NB: The miracle of life is the fact that the first living organism had to have its basic bootstrap blueprint spontaneously form from the movement and reactions of molecules. The sheer unlikelihood of this may be why many people believe in Creationism.
These first lines on the map represent the child’s most primitive, basic, fundamental, low-level programming. Starting with the same basic programming, children start their lives by taking, storing, and experimenting with information they collect from their environment. What they learn during this time fills in a great deal of their map, so much so that many people never really overcome the conditioning they developed in their youth.
NB: Conditioning in this context means the same thing as learning, or drawing lines on the map.
When a child becomes an adult, his or her map is mostly filled. As time goes on, they continue to fill out the map in greater detail and may find themselves needing to rework large parts of the map when new contradictory information becomes too much to ignore.
A map’s purpose is to guide its user to a destination. In this extended metaphor, each person is given a map without a destination. In the process of filling out the map, they often wonder where they’re trying to go. (What’s it all about? What’s the meaning of life? Existential angst, etc.)
The fact that we given a map without a destination is the first sign of Incompleteness. A map with a destination implies a best route and, as a result, an elimination of possibilities. It is a computer program that is about to run, or a geometric proof about to be written. After the destination is reached, the experience ends.
A map without a destination, on the other hand, implies an infinite number of destinations, each with an infinite number of routes.

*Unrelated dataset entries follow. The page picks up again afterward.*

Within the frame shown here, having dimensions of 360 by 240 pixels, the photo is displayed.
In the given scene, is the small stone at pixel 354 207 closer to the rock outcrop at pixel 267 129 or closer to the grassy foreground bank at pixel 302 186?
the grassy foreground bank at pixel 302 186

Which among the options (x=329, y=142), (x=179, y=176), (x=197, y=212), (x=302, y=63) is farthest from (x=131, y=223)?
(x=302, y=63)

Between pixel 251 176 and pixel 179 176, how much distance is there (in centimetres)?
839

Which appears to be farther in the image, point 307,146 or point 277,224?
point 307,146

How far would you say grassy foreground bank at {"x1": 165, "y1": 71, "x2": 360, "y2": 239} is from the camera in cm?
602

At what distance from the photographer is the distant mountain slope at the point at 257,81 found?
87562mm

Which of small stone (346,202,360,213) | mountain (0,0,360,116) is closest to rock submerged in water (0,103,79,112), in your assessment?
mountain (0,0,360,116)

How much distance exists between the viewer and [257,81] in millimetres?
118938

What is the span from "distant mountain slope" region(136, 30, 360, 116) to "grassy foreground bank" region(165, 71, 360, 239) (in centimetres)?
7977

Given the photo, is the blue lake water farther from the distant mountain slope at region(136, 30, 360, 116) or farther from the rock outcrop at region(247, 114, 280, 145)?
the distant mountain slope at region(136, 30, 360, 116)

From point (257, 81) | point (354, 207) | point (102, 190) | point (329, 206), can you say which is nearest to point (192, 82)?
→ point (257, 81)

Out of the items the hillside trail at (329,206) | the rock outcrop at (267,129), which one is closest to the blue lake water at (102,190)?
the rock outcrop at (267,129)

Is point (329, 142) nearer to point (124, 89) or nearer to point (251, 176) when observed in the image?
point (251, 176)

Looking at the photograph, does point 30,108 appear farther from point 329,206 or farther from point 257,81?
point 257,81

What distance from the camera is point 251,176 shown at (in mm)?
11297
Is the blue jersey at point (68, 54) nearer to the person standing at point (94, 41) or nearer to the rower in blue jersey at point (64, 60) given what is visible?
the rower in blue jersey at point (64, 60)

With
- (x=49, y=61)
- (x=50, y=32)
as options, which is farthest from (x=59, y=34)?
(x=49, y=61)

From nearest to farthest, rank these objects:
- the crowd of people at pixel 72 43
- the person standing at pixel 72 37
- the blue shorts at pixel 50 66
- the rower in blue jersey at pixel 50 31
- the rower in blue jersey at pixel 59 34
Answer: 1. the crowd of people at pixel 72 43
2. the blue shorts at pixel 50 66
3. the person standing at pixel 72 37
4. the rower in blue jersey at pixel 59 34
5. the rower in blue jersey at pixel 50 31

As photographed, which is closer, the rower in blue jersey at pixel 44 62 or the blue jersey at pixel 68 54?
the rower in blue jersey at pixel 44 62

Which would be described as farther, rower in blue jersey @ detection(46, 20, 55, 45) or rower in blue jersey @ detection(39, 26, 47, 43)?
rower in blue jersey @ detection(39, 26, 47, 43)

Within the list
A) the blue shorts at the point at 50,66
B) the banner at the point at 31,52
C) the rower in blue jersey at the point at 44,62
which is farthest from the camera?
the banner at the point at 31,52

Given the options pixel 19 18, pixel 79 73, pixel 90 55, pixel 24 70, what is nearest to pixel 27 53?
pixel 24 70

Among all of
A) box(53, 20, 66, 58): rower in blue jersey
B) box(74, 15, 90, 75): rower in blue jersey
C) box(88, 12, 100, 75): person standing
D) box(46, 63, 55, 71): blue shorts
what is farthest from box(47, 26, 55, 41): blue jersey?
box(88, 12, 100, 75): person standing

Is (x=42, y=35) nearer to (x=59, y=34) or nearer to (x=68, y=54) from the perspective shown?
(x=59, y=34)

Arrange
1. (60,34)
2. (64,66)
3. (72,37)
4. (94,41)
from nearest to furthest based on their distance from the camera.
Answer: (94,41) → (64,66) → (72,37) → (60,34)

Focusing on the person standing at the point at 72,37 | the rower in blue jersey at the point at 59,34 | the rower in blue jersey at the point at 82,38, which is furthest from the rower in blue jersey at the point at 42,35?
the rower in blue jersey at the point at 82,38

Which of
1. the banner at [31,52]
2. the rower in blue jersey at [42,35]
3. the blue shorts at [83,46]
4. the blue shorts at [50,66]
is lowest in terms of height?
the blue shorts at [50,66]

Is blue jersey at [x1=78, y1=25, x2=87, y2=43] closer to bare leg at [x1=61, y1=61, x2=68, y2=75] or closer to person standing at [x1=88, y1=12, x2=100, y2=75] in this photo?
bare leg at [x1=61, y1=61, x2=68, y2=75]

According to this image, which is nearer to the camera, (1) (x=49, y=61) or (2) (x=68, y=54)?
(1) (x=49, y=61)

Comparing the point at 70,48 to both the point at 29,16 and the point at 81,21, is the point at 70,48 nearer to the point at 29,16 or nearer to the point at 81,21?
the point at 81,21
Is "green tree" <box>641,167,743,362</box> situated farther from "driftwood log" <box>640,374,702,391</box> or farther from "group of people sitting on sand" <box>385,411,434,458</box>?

In this case, the game never ends because there is no final destination, only a series of sub-destinations defined by the user.
A map with a destination is a “finite game”, and a map without a destination is an “infinite game”. Each player in a finite game seeks to win the game and thus to end it; players in an infinite game play in order to continue the game. Read “Finite and Infinite Games” for more background.
Godel’s Incompleteness Theorems state that
- No consistent system of axioms whose theorems can be listed by an algorithm is capable of proving all truths about the arithmetic of natural numbers. For any such consistent formal system, there will always be statements about natural numbers that are true, but that are unprovable within the system.
- A consistent system of axioms cannot prove its own consistency.
If we replace “consistent system” with “map”, Godel’s Incompleteness Theorems tells us that every map has two blindspots — the truthfulness of it’s most fundamental lines (the ones given at birth) and the consistency of all new information that’s been added to the map afterwards. In other words, a map cannot simultaneously be a map of the world, and of itself. This fact is another example of Incompleteness, in this case, about the map and not the destination.
If my map cannot tell me anything about itself, couldn’t I make a map of my map, a meta-map? Sure, but you would run into the same problem with your meta-map.
Incompleteness is the defining characteristic of infinite games because Incompleteness is the source of possibilities. Completeness is the defining characteristic of finite games because it extinguishes all possibilities except one, which is the one that is played out.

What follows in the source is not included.